Asheville Rotary Names Five Teachers of Excellence Winners
The Rotary Club of Asheville announced five winners of its 2026 Teachers of Excellence awards on December 16, 2025, each receiving two thousand dollars to support classroom innovation. The awards recognize educators from both Asheville City and Buncombe County schools, and highlight civic investment in local classrooms as officials and voters weigh education priorities.

The Rotary Club of Asheville announced on December 16, 2025 that five local educators had been selected as the 2026 Teachers of Excellence, each awarded two thousand dollars to support classroom innovation. Winners were chosen from a field of thirty nominees representing schools across Asheville City and Buncombe County after written essay submissions and interviews with semifinalists.
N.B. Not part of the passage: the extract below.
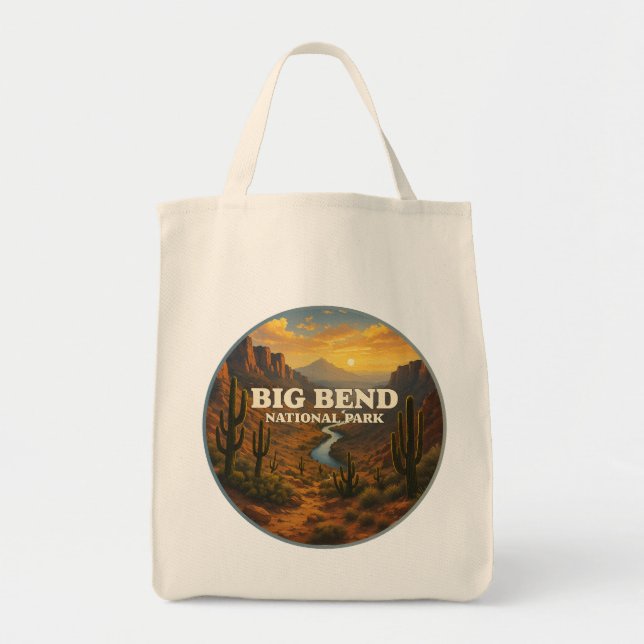 Big Bend National Park Tote Bag (Front)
The awards will be celebrated at a January 29 luncheon hosted by the Rotary Club, part of the organization s ongoing service initiatives in local education.
The honorees are Marianne Simmons of Hall Fletcher Elementary, Tonya Gesing of Community High School, Amy Sheeler of Asheville Middle School, Robin Franklin of Enka High School, and William Chandler Greer of AC Reynolds High School. The selection process combined written materials with in person interviews, offering a measure of review that the club described as a way to evaluate classroom impact and innovation among a diverse nominee pool.
Beyond individual recognition, the awards carry practical significance for classrooms. Two thousand dollars per recipient can supplement materials, technology, or project based learning activities that school budgets may not fully cover. In that way, the Rotary program functions as a targeted civic partnership that channels private philanthropy into public education, while also spotlighting teaching practices that community members value.

The program also raises broader institutional questions for residents and policymakers. Civic organizations can provide timely resources and recognition, but they are not a substitute for stable school funding set by local boards and county budgets. The nomination and selection process, which included essays and interviews, provides a level of transparency, yet the scale of awards relative to systemic needs invites discussion about how elected officials and voters prioritize education in budget and policy decisions.
For Buncombe County residents, the Rotary awards offer both immediate classroom benefits and a reminder of the role that civic engagement plays in local schooling. The January 29 luncheon will provide an occasion for the community to celebrate these educators, and to consider how public policy and private initiative together shape teaching support and student opportunities across the county.